My review of Helene Tursten's The Beige Man is now live a the new crime fiction magazine and website, The Life Sentence: have a look at the new site! The url is www.thelifesentence.net (and beyond reviews, the magazine features interrogations and feature articles across the spectrum of noir, mystery, cozy, spies, thrillers, etc. The editor is Lisa Levy, until recently the noir editor at the Los Angeles Review of Books.

Wednesday, April 01, 2015

Jake Needham, The Dead American

The third book in Jake Needham's Samuel Tay series finds the detective on administrative leave, following the suspicious (from the police force's point of view) shooting at the end of the previous book, The Umbrella Man. The always independent and skeptical Tay is approached by Emma Lazar, a writer for the Wall Street Journal, who wants him to help her investigate the apparent suicide of a young American software engineer who had been hired by a Singapore company developing a driverless car.

Tay is reluctant to help but becomes involved (he after all has nothing else to do right now) and becomes, as usual, involved in the complicated politics and bureaucracy of the hyper-nanny city-state. The danger to Tay and Lazar, and everyone else involved, plus the interest shown by Singapore's security establishment, make it clear that there's something going on besides cars without drivers, but the detective and the small team that he enlists to help him cannot penetrate the company's security to find out what's going on.

Needham keeps up the tension by keeping the focus on Tay, not a particularly charming man but a curious one who isn't easily intimidated (except for the ghost of his mother, in whom he doesn't believe but who nevertheless haunts him with advice about his life and the case occasionally). The ghost's presence is not as pervading as the ghosts in the Doctor Siri series by Colin Cotterill, Needham's style is realistic. And the grounding in the real provides a very powerful conclusion to the reasons for the company's secrecy and the murder(s), leading to the dark heart of a conspiracy that is linked to recent headlines and is all-too-believable.

Monday, March 23, 2015

Timothy Williams, new and reissued


Most dialogue in crime fiction moves forward smoothly, the speakers responding to one another and perhaps gradually revealing the truth of the events in the story. In the novels of Timothy Williams, though, the dialogue follows the patterns of life: the speakers are not really listening to each other and definitely not responding coherently to one another. The reader discovers, in the disconnected conversations, the truths that the speakers are hiding from each other, and even from themselves. His recent novel, The Honest Folk of Guadeloupe, follows this indirect method to its logical conclusion: has a crime taken place, and if so what crime?
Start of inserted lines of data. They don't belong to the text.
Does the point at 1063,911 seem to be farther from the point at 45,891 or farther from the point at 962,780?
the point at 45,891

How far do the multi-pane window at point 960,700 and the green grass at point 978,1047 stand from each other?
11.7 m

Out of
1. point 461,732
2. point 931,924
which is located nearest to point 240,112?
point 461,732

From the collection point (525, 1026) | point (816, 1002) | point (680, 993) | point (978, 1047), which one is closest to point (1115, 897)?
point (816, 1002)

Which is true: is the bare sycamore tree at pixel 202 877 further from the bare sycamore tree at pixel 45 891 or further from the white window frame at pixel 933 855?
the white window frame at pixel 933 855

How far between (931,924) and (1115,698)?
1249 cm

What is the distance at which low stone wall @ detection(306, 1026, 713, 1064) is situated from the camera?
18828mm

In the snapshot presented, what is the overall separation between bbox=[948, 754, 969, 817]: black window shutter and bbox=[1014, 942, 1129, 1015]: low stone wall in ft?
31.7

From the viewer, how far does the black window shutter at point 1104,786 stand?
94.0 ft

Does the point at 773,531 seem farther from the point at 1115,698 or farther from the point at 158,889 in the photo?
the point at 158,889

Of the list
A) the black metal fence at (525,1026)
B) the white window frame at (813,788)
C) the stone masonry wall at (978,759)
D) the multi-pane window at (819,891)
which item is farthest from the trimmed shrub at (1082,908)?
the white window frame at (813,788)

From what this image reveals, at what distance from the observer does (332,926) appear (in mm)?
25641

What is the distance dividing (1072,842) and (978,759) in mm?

This is not a whodunit, it's a glimpse into the complex life of the citizens of a post-colonial, conflicted culture.

Soho Crime, which published The Honest Folk last year, has recently been reissuing Williams previous series, featuring Italian Commissario Piero Trotti. Trotti, a spiky character with fewer social skills than Judge Anne Marie Laveaud of The Honest Folk and the previous Antother Sun, suits Williams's style perfectly: He talks over people, goes his own way, and has difficulty with everyone in his professional and personal life. In his case, Trotti's investigations lead through some of the most difficult years of Italian history, from the "years of lead" onward into the 1990s, each of the five reissued novels tying local crimes to larger social patterns of violence, corruption, and chaos.
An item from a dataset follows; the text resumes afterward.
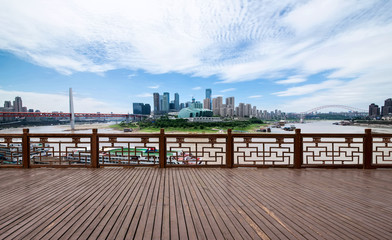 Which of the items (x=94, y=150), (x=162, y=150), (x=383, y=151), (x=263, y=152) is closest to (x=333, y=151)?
(x=383, y=151)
The five Trotti novels appeared originally along with some of the major crime novels set in Italy by English-speaking writers, including Magdalen Nabb, Donna Leon, and Michael Dibdin. Williams is less well known that some of the others, but his work is of the same rank and more specifically links the crime stories to specific facts and events (all of the writers deal with corruption, for example, but only Williams points to specific and specifically Italian corruption. His indirect style is particularly suited to the frequently indirect patterns of life and crime in Italy, without falling back on the more picturesque or charming qualities of life there for solace: his novels are darker, more grimly funny, and in some senses truer. Big Italy involves Trotti in a web of child abuse, conspiracy, and murder, just at the point when he's trying to retire.
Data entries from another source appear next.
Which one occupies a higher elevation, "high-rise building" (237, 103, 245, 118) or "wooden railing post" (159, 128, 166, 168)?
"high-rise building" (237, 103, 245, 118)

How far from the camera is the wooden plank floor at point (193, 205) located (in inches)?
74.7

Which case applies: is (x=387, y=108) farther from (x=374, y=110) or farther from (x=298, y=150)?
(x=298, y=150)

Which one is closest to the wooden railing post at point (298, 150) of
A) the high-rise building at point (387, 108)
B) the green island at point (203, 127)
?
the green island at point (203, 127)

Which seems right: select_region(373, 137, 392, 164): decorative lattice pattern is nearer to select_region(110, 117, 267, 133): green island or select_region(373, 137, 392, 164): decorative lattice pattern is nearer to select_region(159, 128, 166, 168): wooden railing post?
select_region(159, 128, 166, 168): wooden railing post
The Laveaud books (originally written in French rather than English) show the range of Williams's writing: it's not the same kind of corruption or crime in Guadeloup, and the stakes are different. Laveaud, despite her family troubles, is a more open and social person, caught in the grinding gears of racial and political conficts, corruption of a more distinctively Caribbean sort, and a position in the legal system somewhat more viable professional position than Trotti, whose career is at a seeming dead end. The Guadeloupe books, because of Laveaud's personality and the tropical setting, are quite different fromt he Trotti books, while maintaining the author's quite distinctive approach to crime writing. Both series are highly recommended!

Wednesday, February 18, 2015

Noir in new places: Nesbø and Temple


Some of the purest noir being written today doesn't come from the U.S., or France, or the U.K. Two recent novels by Jo Nesbø (of Norway) and Peter Temple (of Australia) show what can be done with the genre today.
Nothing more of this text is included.